### [WHAT YOU WILL DO]
With the material below, print exactly the lines between the line holding "3812 20 Avenue" and the line holding "Comfortable rooms in", inclusive. Add nothing else.

### [STUDY MATERIAL]
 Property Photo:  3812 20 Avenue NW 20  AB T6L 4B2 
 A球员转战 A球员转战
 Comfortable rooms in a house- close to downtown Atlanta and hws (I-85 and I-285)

...

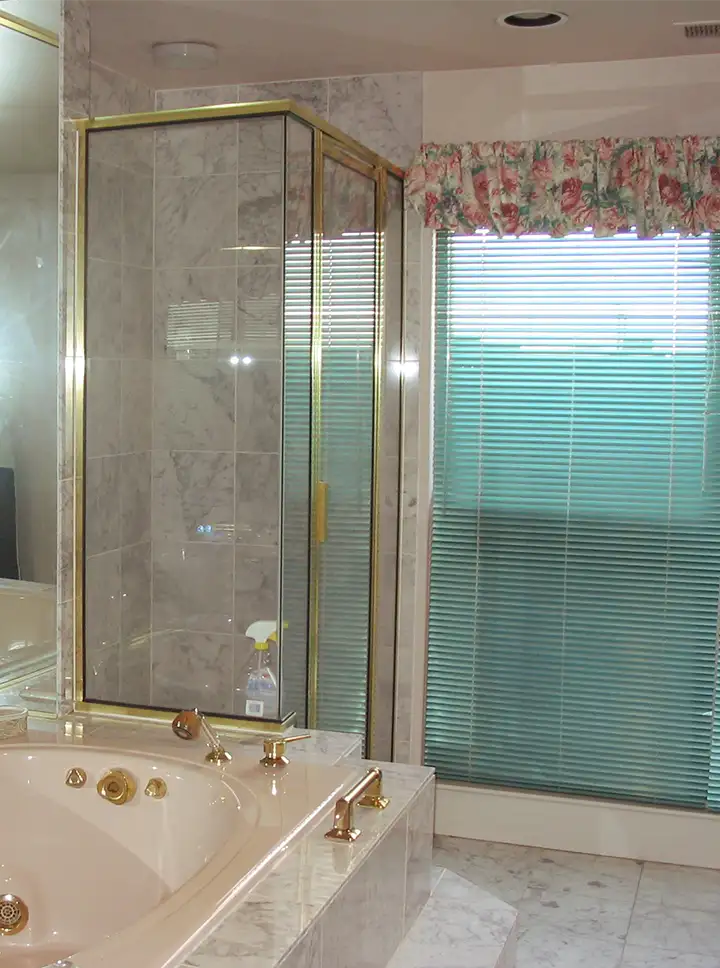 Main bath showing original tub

### [TASK ANSWER]
 Property Photo:  3812 20 Avenue NW 20  AB T6L 4B2 
 A球员转战 A球员转战
 Comfortable rooms in a house- close to downtown Atlanta and hws (I-85 and I-285)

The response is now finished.